As summer begins to fade, and the days grow shorter, we may all regret the summer adventures we did or didn’t have. Fortunately, a good summer movie can take us on a wild, even scary, ride, or dramatically provoke thought about serious issues or provide escape through laughter, although comedies have been few and far between this summer.

 

Several films, which opened August 4, deserve a look see.
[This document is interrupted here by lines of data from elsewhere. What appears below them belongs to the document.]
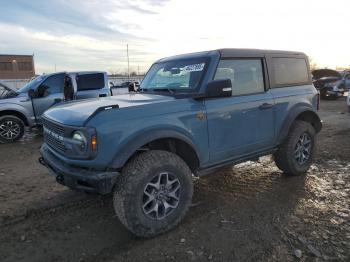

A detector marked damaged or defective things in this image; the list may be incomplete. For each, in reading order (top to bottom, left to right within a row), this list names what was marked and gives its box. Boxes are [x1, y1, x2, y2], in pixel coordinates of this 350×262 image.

crumpled hood [43, 93, 175, 126] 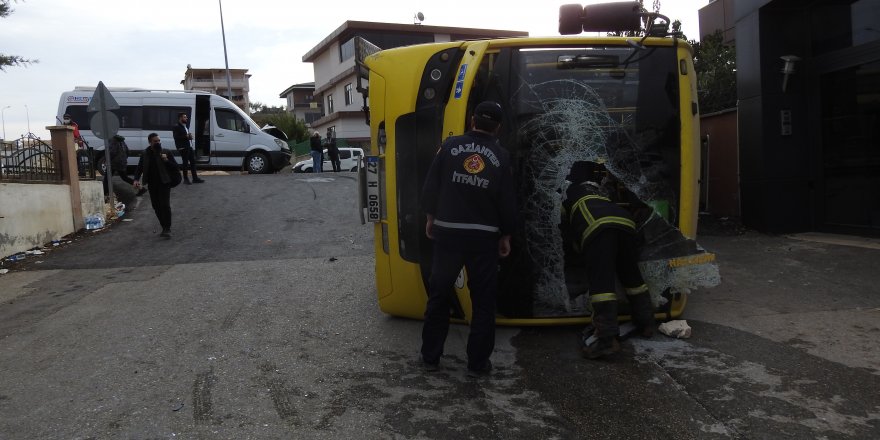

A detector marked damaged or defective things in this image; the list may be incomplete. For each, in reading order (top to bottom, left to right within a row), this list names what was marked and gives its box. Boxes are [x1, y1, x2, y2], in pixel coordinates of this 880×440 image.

shattered windshield [482, 44, 696, 316] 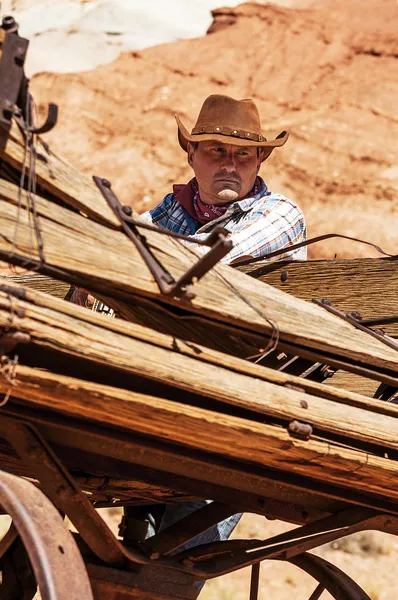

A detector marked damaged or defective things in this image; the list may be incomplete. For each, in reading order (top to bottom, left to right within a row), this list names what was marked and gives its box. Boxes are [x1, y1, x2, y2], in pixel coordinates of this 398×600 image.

rusty metal bracket [0, 15, 58, 147]
rusty metal bracket [92, 175, 233, 298]
rusty metal bracket [312, 298, 398, 352]
rusty metal bar [0, 468, 93, 600]
rusty metal bracket [0, 468, 93, 600] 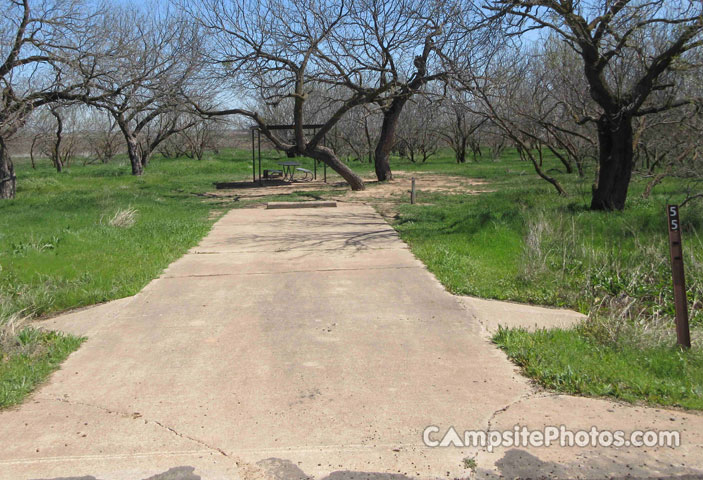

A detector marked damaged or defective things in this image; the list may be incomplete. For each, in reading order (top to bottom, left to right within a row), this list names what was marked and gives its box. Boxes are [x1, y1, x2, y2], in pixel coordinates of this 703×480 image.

cracked concrete slab [4, 203, 703, 480] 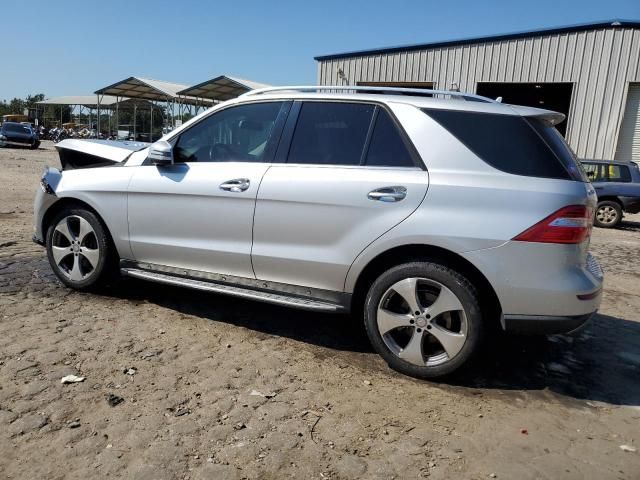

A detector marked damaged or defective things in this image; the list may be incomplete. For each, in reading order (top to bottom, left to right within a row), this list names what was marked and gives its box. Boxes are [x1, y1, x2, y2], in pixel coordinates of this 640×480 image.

crumpled hood [54, 138, 149, 170]
damaged front end [55, 139, 149, 171]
Director Kathryn Bigelow, who is one of the few women to win a directing Oscar (The Hurt Locker, 2008), recounts the brutal events of Detroit riots in July 1967 with Detroit, (Annapurna Pictures), a dynamic, power depiction of race, injustice, and prejudice in America. During the racially charged incident at the Algiers Motel, which precipitated the largest race riot in American history, the 12th Street Riot, three black men die and seven black men and two white women are brutally beaten. All the performances are equal to the power of the historical events and Mark Boal’s fine script, but I fear the ensemble nature of the film will cheat some of these fine actors, such as John Boyega, Will Poulter, Algee Smith, Jacob Latimore, and Jason Mitchell, of much deserved Oscars. A must see! Rated R for strong violence and pervasive language; 143m.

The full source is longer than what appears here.